-- EXERCISE INPUTS --
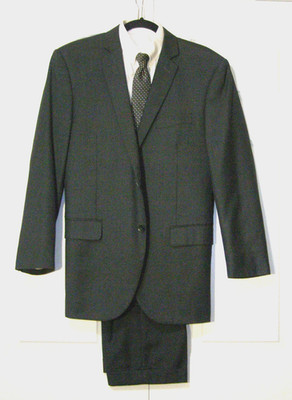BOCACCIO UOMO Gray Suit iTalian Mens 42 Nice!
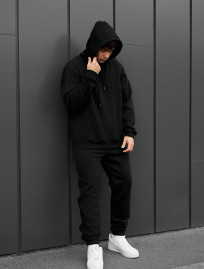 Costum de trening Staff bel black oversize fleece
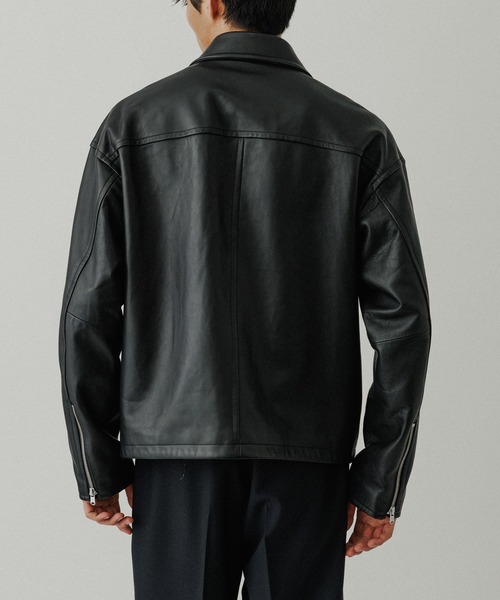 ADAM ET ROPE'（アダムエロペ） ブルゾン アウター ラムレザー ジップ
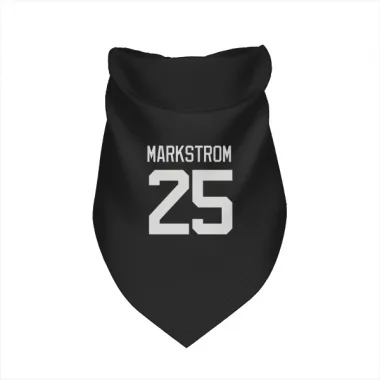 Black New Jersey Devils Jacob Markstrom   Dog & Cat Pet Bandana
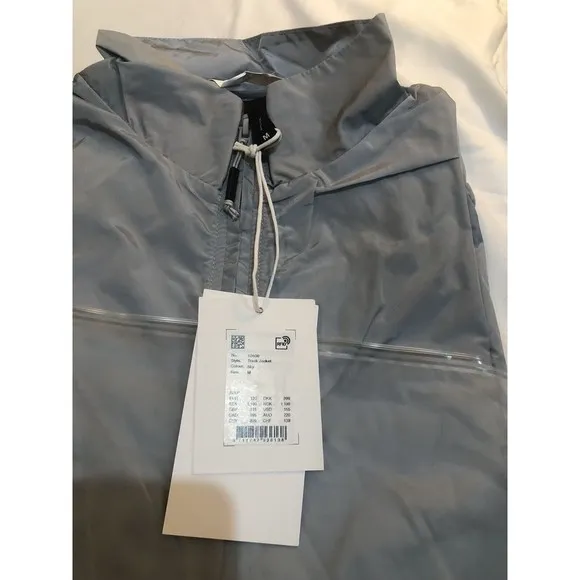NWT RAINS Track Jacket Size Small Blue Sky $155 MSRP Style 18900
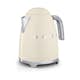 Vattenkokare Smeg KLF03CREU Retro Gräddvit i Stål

* * *

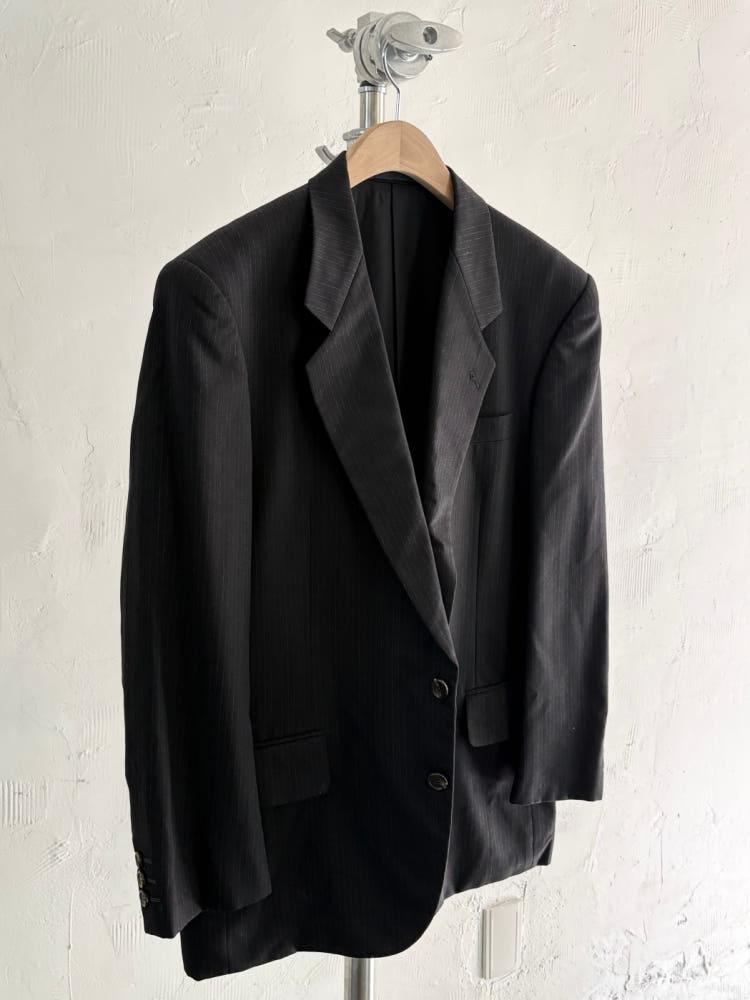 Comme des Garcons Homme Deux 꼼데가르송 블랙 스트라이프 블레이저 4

...

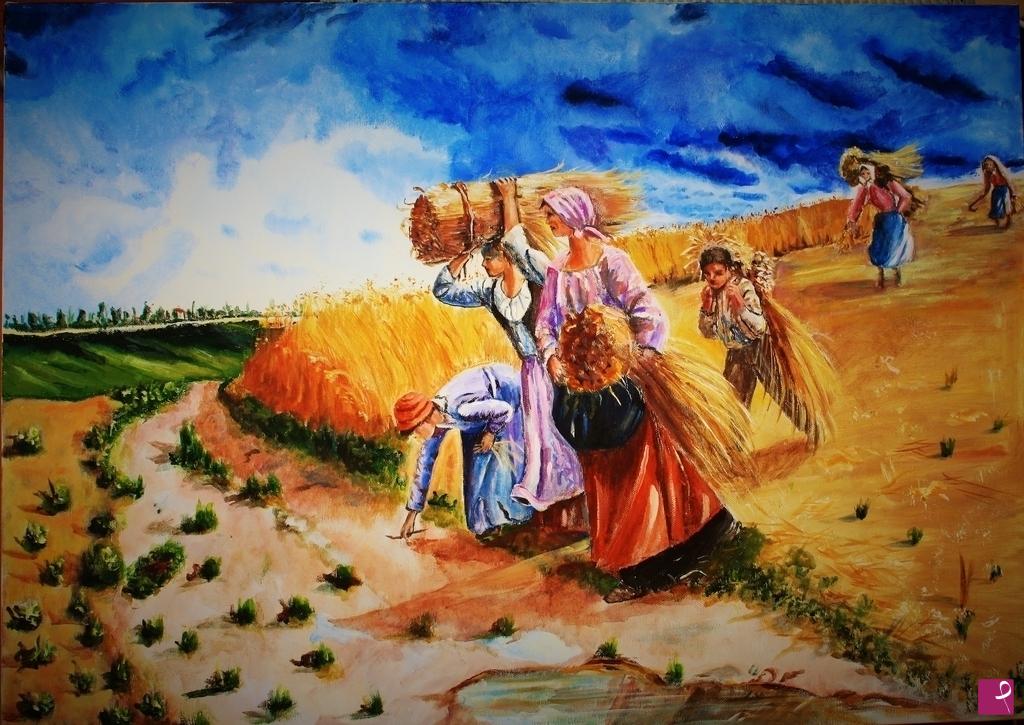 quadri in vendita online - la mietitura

-- ABOUT THIS EXERCISE --
Within the listing above, the lines starting at the one containing "BOCACCIO UOMO Gray Suit iTalian Mens 42 Nice!" and ending at the one containing "Vattenkokare Smeg KLF03CREU" are to be returned exactly. Omit the pictures.

-- ANSWER SPACE --
BOCACCIO UOMO Gray Suit iTalian Mens 42 Nice!
 Costum de trening Staff bel black oversize fleece
 ADAM ET ROPE'（アダムエロペ） ブルゾン アウター ラムレザー ジップ
 Black New Jersey Devils Jacob Markstrom   Dog & Cat Pet Bandana
NWT RAINS Track Jacket Size Small Blue Sky $155 MSRP Style 18900
 Vattenkokare Smeg KLF03CREU Retro Gräddvit i Stål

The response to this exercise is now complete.